Grâce à l’appui de l’Union Européenne et de l’ONU-Habitat, la Guinée attend cette année le nouveau schéma directeur de la ville de Conakry. Celui-ci devrait faciliter l’exécution du Grand Conakry 2040, le projet de tous les espoirs. «De toutes les façons, nous sommes obligés de développer Conakry », estime Ibrahima Camara qui reste convaincu que « la bataille du développement durable sera gagnée ou perdue dans les villes.» Mais, des architectes nationaux émettent souvent des réserves sur le projet de réaménagement de Conakry. Ils accusent le gouvernement « d’omettre  » leurs expertises pour confier le plan d’aménagement à des experts internationaux qui ont conçu « un projet pas adapté à la situation guinéenne ». «Tout projet qui s’inscrit aujourd’hui dans le cadre de l’amélioration du cadre de vie des Guinéens est à apprécier. Mais une fois, il faut le faire avec ceux qui ont l’outil technique local et qui peuvent apporter pas mal d’informations pour la réussite de ce projet », réagissait, en novembre dernier, l’architecte Alpha Oumar Diallo.

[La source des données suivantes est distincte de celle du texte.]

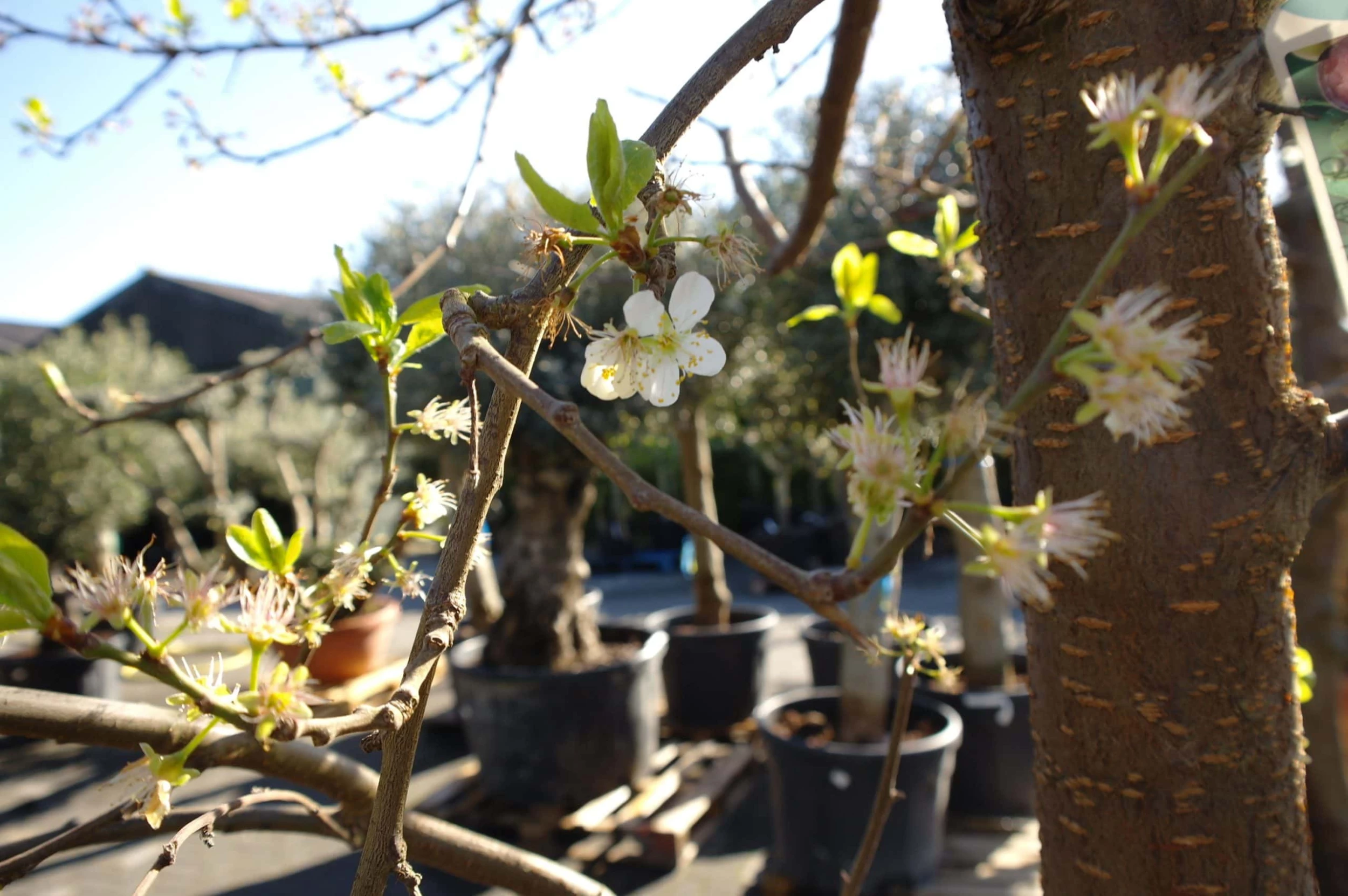 Prunus Dom. Opal 5 Prunus Dom. Opal - Afbeelding 3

Quoi qu’il en soit, en attendant un réaménagement de la capitale, l’actuelle Conakry continue à appauvrir populations et à freiner l’expansion des entreprises. D’ailleurs, il ressort d’un récent rapport de la Banque Mondiale  titré « Les défis de l’urbanisation en Afrique de l’Ouest » que Conakry qui réalise 27% de la richesse de la Guinée, ne joue pas  pleinement son rôle  de moteur de croissance. Depuis 2010, la population de Conakry croit à un rythme effréné, mais elle « n’est pas suffisamment préparée pour absorber les migrants dont la plupart sont issues de l’exode rural ».  Pour la réforme de la capitale guinéenne, la Banque Mondiale préconise de donner la priorité à  une meilleure connectivité entre le centre-ville et sa périphérie.